Essentially, the purpose of the teacher evaluation process is the improvement of said teachers. However, such evaluations currently function in a way that serves as a weak penalty system rather than opportunity for improvement. The current process is largely superficial; the teacher is notified in advance of the most important observations and given ample time to prepare. The resulting evaluation lacks a proper representation of the classroom atmosphere and may act as more of a formality than a legitimate judge of teacher performance.
The CSTP standards are designed to hold teachers accountable to their teaching with the aim of improving student learning. Ironically, the process lacks the proper input to adequately assess its criterion; without student input, it is difficult to fully evaluate the various elements that define a classroom such as teacher attitude and the general learning environment. As a result, the consequences of mediocre teaching falls upon students who cannot hold their teachers accountable.
As students are primarily affected by the failings of the teacher evaluation system, it is only logical that student input be taken into consideration. With both the credible observations of an experienced administrator or faculty member and the personal observations of students, evaluations would certainly become a more holistic analysis of teacher performance. Simply collecting student opinion in itself would make the process less of a formality and more democratic.
In the past, any official method of collecting and considering student feedback of teachers has been avoided due to concerns of subjectivity, efficiency, and fear of its disproportionate impact.
In order to fairly determine the quality of a teacher’s work, which is, of course, quite an abstract entity to judge, the PAR justly aims to remain as objective as possible. Obviously, including student feedback may compromise this objectivity as any free-form collection of student opinion would likely contain a great range of perspectives, including those that are biased or immature. Thus, if such material were directly factored into the rubric as is, it may unduly penalize or praise teachers.
For this reason, due caution of its disproportionate impact is understandable. Without a proper system for evaluating such subjective input, the district would be interpreting this information out of context and without relative discretion.
In addition, it can be presumed that a large reason for excluding student input in the past has been a combination of maintaining efficiency and not disrupting what is, admittedly, a generally effective and legitimate range of criterion.
However, the complications of including student input as a proper standard for judging such legitimate criterion can be resolved to address these concerns and ultimately benefit all interests involved.
While student feedback will undoubtedly present a worrisome range of potential subjectivity, the system of processing such input could easily be structured to both filter out extremities and utilize the majority opinion to better judge CSTP standards.
Instead of directly factoring student feedback into the current rubric to be seen by the district, the rubric could simply require that student input be forwarded to the local department heads for consideration. In this way, the local department heads—who surely hold the necessary discretion—could use the majority of opinion to give more accurate and direct feedback to individual teachers.
Consequently, filtering student feedback through department heads would provide all of the benefits of including student feedback while also eliminating the potential consequences.

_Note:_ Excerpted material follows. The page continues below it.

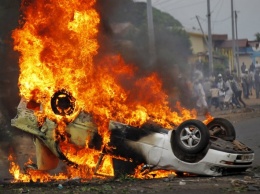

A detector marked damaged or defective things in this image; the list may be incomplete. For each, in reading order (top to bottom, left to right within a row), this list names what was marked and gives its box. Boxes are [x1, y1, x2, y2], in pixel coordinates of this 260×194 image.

overturned car [11, 91, 255, 178]
crumpled car body [11, 98, 255, 176]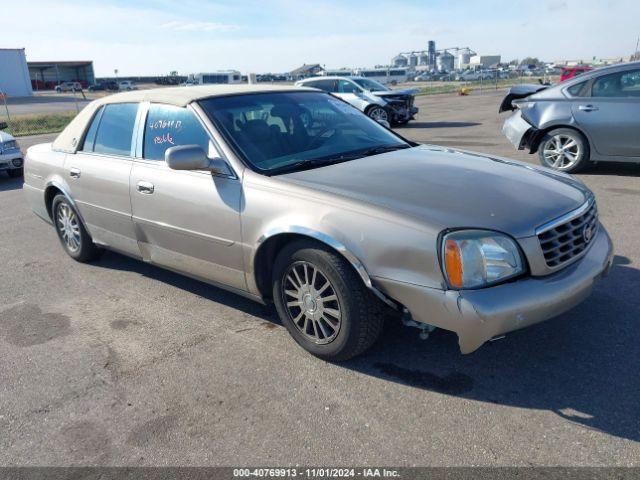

While it is true that the system has been generally effective, the PAR revision to occur this year is the perfect opportunity to improve learning for both teachers and students. Ideally, student input should become a meaningful component of the official evaluation, but it must first be included in the process in order to illustrate and prove its benefits. Student evaluation of teachers should not be seen as a drastic change, but as an improvement to an already strong system.